Even a house colour might spark a dispute, he said. Trees were another contentious issue because if they caused interference or nuisance, a neighbour could seek removal, Whitburn said.
Pidgeon sent a copy of a typical cross-lease document which outlined the exact provisions, showing flats can only be used for residential purposes and not for activities that could be a nuisance to other occupiers of the land - and that's where pets can come in.
Owners can't bring onto or keep on the land any pet or animal which may interfere with the quiet enjoyment of the lessees or occupants of any building, she said citing a standard cross lease agreement.
Owners can't have dangerous goods or devices: "This may affect you if there are gas cylinders for cooking or heating installed at the property," the typical cross-lease agreement said.
The interior and exterior of buildings must be kept in good condition. Cars cannot block access. Staircases, passageways, parking areas, driveways and turning areas must also be kept accessible, the agreement said.
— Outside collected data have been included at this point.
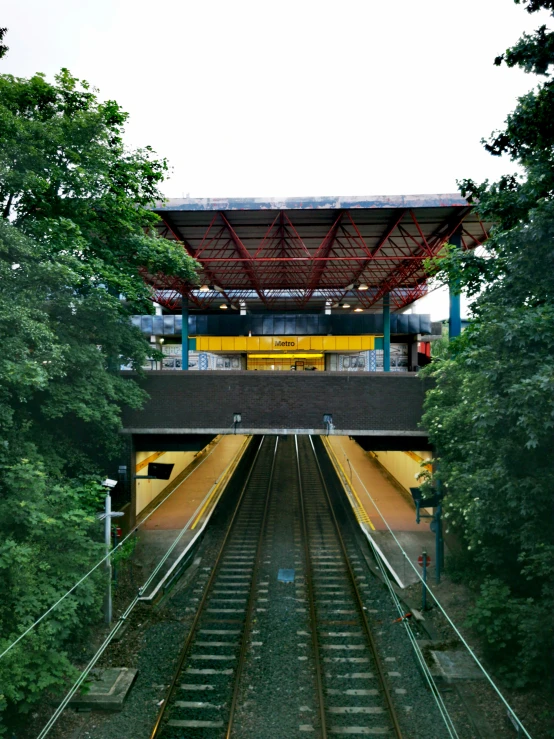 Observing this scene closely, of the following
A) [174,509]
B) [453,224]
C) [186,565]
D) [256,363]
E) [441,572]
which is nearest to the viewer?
[441,572]

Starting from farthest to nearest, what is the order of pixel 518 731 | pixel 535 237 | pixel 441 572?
1. pixel 441 572
2. pixel 535 237
3. pixel 518 731

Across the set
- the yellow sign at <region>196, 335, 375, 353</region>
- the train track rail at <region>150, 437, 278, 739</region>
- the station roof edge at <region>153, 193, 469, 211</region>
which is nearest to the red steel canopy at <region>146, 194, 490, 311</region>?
the station roof edge at <region>153, 193, 469, 211</region>

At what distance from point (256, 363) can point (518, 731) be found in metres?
39.1

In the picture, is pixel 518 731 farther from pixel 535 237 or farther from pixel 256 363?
pixel 256 363

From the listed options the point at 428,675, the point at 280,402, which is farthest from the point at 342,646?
the point at 280,402

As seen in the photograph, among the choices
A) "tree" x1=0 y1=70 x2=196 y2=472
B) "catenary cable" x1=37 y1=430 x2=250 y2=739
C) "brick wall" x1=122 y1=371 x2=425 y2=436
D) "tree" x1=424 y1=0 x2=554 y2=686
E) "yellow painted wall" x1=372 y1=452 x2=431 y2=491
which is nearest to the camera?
"tree" x1=424 y1=0 x2=554 y2=686

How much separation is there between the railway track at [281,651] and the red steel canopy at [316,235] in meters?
11.6

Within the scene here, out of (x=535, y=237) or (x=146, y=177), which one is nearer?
(x=535, y=237)

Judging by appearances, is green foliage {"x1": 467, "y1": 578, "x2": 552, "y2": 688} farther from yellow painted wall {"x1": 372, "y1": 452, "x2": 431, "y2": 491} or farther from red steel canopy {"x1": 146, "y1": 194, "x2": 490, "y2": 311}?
red steel canopy {"x1": 146, "y1": 194, "x2": 490, "y2": 311}

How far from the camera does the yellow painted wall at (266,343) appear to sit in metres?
40.7

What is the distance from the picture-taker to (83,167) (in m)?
12.2

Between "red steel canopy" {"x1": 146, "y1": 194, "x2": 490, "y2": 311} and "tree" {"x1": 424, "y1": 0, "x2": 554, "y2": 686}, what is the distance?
7021mm

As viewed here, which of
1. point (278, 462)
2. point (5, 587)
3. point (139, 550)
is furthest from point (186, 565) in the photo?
point (278, 462)

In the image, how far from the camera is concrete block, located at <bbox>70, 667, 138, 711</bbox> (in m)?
8.71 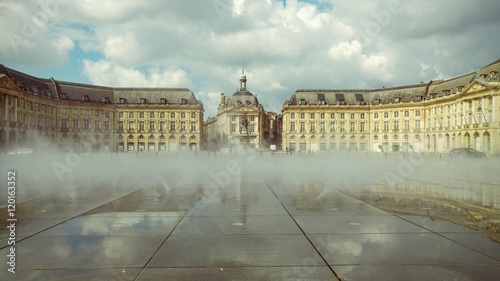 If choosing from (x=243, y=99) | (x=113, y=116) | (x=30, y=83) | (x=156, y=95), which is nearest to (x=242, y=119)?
(x=243, y=99)

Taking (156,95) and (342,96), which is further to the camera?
(342,96)

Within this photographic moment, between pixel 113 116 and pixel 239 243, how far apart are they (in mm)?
104281

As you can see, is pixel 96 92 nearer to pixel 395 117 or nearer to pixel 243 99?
pixel 243 99

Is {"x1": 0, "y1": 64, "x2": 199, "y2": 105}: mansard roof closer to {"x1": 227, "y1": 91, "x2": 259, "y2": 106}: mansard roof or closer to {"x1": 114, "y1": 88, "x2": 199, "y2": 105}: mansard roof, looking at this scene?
{"x1": 114, "y1": 88, "x2": 199, "y2": 105}: mansard roof

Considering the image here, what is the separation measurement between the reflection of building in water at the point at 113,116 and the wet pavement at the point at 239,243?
83068mm

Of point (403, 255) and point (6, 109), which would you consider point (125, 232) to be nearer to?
point (403, 255)

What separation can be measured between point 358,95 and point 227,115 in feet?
131

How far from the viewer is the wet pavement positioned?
6117 mm

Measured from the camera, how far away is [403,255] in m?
6.91

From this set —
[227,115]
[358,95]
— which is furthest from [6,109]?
[358,95]

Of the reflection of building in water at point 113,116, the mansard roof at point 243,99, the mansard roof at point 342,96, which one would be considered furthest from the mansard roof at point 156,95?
the mansard roof at point 342,96

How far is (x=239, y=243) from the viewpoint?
7.77 metres

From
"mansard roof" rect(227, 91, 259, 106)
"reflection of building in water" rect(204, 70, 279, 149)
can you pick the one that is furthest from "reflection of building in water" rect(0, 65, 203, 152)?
"mansard roof" rect(227, 91, 259, 106)

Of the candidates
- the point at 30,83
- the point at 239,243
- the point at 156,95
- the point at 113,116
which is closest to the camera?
the point at 239,243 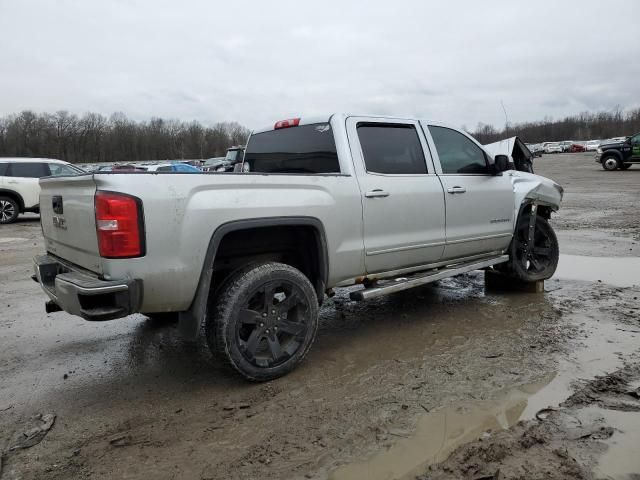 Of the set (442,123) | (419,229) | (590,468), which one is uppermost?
(442,123)

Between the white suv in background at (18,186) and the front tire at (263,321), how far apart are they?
12.5 m

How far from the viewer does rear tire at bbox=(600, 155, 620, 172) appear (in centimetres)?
2811

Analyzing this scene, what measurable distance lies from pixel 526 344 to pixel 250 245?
243 centimetres

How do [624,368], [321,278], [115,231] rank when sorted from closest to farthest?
[115,231], [624,368], [321,278]

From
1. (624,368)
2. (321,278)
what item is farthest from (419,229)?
(624,368)

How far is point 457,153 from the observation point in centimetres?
505

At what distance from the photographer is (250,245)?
372cm

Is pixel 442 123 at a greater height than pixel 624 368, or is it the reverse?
pixel 442 123

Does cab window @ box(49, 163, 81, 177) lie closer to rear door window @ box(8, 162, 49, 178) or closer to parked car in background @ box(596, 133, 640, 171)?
rear door window @ box(8, 162, 49, 178)

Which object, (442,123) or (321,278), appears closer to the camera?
(321,278)

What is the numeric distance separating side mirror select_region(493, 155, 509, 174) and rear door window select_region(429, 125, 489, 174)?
11 cm

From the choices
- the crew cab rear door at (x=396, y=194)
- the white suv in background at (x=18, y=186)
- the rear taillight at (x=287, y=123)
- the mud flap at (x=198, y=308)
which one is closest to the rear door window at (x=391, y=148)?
the crew cab rear door at (x=396, y=194)

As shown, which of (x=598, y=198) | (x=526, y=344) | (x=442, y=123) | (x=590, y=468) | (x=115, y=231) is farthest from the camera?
(x=598, y=198)

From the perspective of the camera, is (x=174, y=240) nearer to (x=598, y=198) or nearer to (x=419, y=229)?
(x=419, y=229) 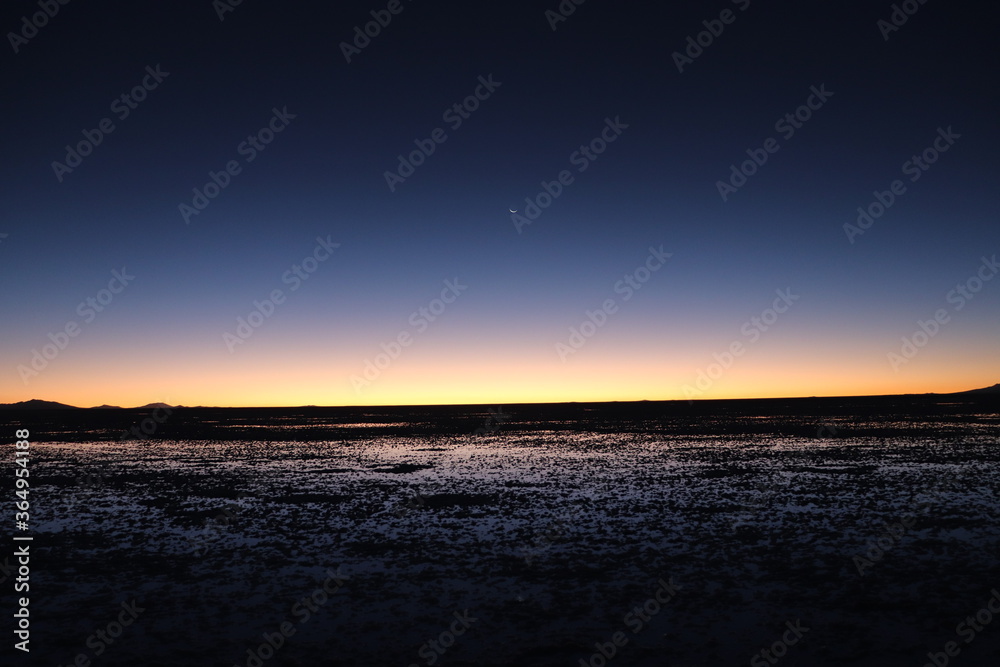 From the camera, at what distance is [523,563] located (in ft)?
44.8

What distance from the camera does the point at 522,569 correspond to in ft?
43.4

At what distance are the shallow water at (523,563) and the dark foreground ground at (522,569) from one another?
0.06 meters

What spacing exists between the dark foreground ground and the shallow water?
0.06 meters

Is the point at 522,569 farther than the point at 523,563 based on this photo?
No

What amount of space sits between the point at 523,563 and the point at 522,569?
1.47 feet

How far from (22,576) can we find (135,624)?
449 cm

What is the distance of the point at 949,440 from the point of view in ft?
134

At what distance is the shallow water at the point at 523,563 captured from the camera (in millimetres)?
9453

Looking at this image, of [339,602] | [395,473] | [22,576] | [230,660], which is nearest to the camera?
[230,660]

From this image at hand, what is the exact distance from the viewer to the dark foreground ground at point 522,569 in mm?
9359

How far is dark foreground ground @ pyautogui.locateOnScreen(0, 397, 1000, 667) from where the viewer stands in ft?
30.7

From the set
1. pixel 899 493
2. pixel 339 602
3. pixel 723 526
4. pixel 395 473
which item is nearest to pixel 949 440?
pixel 899 493

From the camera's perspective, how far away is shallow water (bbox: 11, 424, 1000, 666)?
372 inches

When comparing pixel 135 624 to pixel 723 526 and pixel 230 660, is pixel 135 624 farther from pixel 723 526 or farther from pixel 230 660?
pixel 723 526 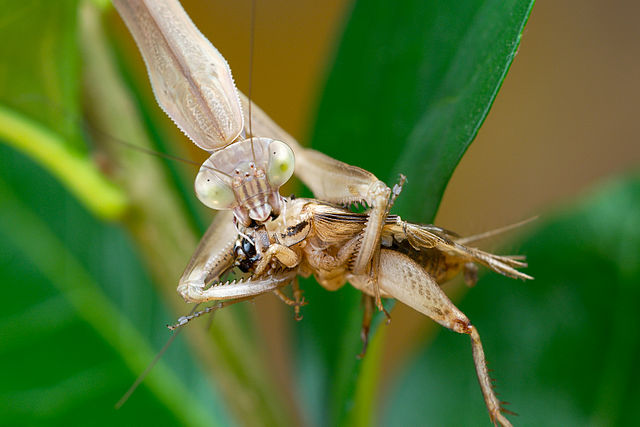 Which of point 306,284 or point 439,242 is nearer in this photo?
point 439,242

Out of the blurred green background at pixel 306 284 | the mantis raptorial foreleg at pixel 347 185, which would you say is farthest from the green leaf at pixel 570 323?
the mantis raptorial foreleg at pixel 347 185

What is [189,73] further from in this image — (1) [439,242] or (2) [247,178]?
(1) [439,242]

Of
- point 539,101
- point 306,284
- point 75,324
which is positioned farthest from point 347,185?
point 539,101

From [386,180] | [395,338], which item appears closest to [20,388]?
[386,180]

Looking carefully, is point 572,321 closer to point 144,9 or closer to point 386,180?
point 386,180

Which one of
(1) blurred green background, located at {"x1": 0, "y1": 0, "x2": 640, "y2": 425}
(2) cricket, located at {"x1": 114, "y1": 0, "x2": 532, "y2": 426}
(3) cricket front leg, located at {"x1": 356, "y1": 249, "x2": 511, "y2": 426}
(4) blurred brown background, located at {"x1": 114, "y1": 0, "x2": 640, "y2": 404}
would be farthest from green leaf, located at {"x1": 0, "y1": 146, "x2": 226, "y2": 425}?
(4) blurred brown background, located at {"x1": 114, "y1": 0, "x2": 640, "y2": 404}

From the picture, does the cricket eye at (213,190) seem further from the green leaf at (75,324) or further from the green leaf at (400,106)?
the green leaf at (75,324) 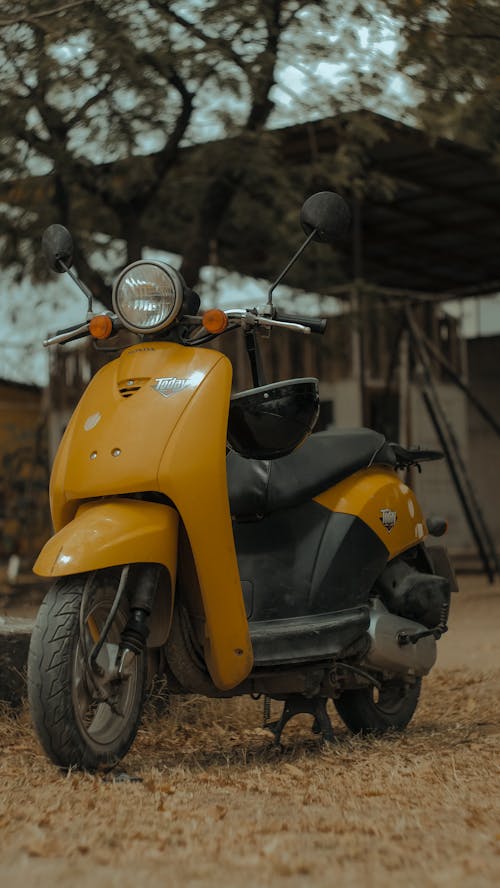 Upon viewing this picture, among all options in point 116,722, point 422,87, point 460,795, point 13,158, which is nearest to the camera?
A: point 460,795

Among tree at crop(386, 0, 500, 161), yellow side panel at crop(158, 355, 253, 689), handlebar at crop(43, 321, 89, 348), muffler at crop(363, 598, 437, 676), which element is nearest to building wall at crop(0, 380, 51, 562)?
tree at crop(386, 0, 500, 161)

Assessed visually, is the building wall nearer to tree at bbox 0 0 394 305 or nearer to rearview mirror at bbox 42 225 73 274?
tree at bbox 0 0 394 305

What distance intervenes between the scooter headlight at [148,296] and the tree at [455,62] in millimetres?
3397

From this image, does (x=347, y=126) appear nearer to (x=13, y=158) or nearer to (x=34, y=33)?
(x=13, y=158)

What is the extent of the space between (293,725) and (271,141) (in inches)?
252

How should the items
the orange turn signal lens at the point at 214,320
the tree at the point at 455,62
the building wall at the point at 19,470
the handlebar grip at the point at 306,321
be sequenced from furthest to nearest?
1. the building wall at the point at 19,470
2. the tree at the point at 455,62
3. the handlebar grip at the point at 306,321
4. the orange turn signal lens at the point at 214,320

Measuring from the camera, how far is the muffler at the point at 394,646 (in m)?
4.36

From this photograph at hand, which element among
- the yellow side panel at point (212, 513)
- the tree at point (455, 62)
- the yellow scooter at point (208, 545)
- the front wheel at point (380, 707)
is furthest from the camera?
the tree at point (455, 62)

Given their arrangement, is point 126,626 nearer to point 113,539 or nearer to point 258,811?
point 113,539

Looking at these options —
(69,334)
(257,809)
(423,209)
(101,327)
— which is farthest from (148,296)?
(423,209)

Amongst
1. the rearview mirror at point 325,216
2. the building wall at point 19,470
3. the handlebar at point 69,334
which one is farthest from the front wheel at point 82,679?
the building wall at point 19,470

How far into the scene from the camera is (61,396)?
17109mm

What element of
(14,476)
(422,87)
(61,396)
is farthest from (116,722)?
(14,476)

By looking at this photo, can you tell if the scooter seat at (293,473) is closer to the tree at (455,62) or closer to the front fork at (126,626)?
the front fork at (126,626) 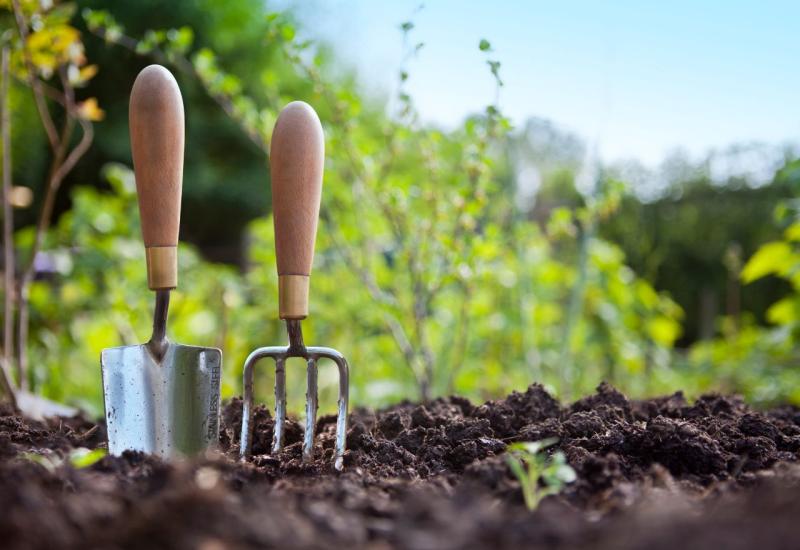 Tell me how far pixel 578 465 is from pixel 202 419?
2.40 ft

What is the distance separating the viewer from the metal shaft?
5.03ft

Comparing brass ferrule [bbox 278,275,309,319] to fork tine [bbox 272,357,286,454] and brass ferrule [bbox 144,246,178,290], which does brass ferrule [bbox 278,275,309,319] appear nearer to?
fork tine [bbox 272,357,286,454]

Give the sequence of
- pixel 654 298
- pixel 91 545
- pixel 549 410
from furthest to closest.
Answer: pixel 654 298 < pixel 549 410 < pixel 91 545

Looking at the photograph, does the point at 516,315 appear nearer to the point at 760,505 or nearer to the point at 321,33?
the point at 760,505

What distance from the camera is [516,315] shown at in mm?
3871

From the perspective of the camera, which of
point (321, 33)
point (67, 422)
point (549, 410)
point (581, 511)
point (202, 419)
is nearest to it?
point (581, 511)

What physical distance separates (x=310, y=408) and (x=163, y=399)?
30cm

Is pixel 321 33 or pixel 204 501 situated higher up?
pixel 321 33

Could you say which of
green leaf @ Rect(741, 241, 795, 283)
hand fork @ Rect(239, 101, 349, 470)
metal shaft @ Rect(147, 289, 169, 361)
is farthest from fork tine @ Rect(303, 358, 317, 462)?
green leaf @ Rect(741, 241, 795, 283)

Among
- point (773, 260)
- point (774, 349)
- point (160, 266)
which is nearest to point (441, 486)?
point (160, 266)

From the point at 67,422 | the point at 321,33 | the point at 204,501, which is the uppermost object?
the point at 321,33

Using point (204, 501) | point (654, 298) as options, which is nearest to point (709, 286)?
point (654, 298)

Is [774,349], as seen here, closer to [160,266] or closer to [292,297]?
[292,297]

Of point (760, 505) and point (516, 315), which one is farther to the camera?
point (516, 315) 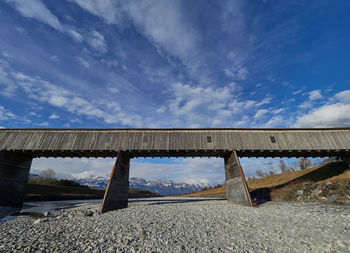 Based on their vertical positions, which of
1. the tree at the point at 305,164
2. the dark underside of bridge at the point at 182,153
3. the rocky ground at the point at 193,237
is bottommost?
the rocky ground at the point at 193,237

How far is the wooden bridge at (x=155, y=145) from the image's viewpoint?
2075cm

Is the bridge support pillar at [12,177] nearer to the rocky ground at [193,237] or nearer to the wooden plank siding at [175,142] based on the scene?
the wooden plank siding at [175,142]

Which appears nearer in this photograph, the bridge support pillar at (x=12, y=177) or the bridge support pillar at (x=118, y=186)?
the bridge support pillar at (x=118, y=186)

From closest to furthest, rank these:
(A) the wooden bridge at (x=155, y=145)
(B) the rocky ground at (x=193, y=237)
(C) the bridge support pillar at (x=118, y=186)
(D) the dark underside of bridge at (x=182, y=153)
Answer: (B) the rocky ground at (x=193, y=237) → (C) the bridge support pillar at (x=118, y=186) → (A) the wooden bridge at (x=155, y=145) → (D) the dark underside of bridge at (x=182, y=153)

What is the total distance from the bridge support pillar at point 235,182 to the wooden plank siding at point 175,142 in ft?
5.73

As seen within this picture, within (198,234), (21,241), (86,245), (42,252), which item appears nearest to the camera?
(42,252)

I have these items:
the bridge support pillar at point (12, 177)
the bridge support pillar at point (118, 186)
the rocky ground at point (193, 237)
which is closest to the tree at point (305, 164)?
the rocky ground at point (193, 237)

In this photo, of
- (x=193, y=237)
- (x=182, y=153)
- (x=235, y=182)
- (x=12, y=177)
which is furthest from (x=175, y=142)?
(x=12, y=177)

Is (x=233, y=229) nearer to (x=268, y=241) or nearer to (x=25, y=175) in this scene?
(x=268, y=241)

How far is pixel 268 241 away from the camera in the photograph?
8102 mm

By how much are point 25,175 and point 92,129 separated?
41.5ft

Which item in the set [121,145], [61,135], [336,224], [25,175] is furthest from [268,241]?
[25,175]

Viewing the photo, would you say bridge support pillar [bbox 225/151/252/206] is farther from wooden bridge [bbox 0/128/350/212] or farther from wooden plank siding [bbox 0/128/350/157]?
wooden plank siding [bbox 0/128/350/157]

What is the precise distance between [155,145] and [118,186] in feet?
21.6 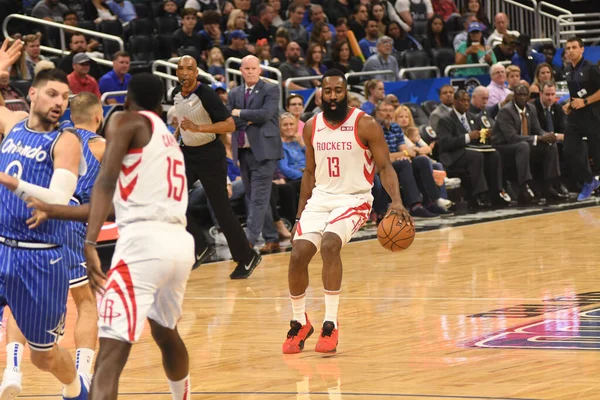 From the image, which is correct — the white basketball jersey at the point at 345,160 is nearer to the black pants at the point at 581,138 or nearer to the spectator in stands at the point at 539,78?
the black pants at the point at 581,138

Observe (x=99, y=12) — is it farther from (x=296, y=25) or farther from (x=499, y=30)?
(x=499, y=30)

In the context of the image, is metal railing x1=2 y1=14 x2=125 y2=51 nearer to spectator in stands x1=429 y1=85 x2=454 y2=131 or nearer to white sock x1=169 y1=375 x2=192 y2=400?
spectator in stands x1=429 y1=85 x2=454 y2=131

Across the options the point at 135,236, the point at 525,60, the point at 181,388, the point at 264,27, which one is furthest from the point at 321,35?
the point at 135,236

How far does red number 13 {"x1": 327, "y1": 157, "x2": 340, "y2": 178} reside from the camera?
8.02 meters

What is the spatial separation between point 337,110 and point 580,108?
29.0 ft

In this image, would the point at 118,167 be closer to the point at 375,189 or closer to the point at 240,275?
the point at 240,275

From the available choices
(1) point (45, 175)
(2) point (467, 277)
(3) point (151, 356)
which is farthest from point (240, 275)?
(1) point (45, 175)

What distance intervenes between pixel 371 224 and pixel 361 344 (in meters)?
7.61

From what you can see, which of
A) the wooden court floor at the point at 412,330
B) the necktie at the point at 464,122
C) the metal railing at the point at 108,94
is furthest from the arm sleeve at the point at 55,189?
the necktie at the point at 464,122

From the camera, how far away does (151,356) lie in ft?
25.4

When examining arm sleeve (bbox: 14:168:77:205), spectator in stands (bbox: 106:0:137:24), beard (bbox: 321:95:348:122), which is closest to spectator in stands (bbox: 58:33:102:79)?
spectator in stands (bbox: 106:0:137:24)

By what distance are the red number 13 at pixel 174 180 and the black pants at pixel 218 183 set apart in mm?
6118

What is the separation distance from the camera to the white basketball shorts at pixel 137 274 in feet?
16.5

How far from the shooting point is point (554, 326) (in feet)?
26.4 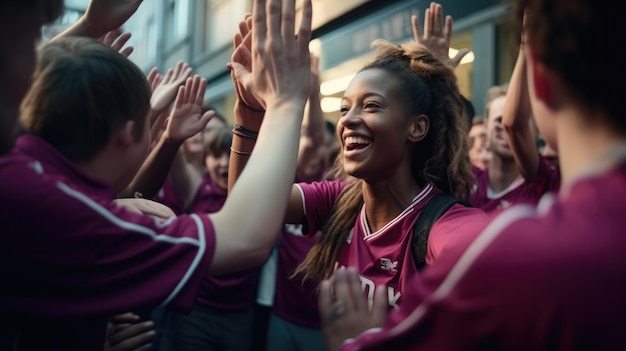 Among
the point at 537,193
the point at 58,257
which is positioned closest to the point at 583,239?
the point at 58,257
"The lessee will not make any structural alterations or additions to the flat without the prior written consent," the lease says and Pidgeon says that clause was a fraught area.
People might make an addition, such as adding a deck. But without consent of others who share the title, that would not be legal, she said. While some leases state consent may not be unreasonably withheld, some older cross leases do not have a "reasonableness" requirement. Issues such as sunlight, view and privacy are often grounds raised for withholding consent.
Cross-lease owners must have a current insurance policy but Pidgeon said they often don't insure with the same insurance company "which caused problems with the Canterbury earthquakes."
Andrew King, NZ Property Investors Federation executive officer, has owned cross-lease properties and he too acknowledged restrictions.
"When you have a cross lease, you are leasing your section from the person next door and they're leasing theirs from you. That's a bit simplistic but it's what's happening. On the title, you have the entire section of land but it shows your flat and the portion and where the exclusive rights areas are as well as things like chimneys and porches.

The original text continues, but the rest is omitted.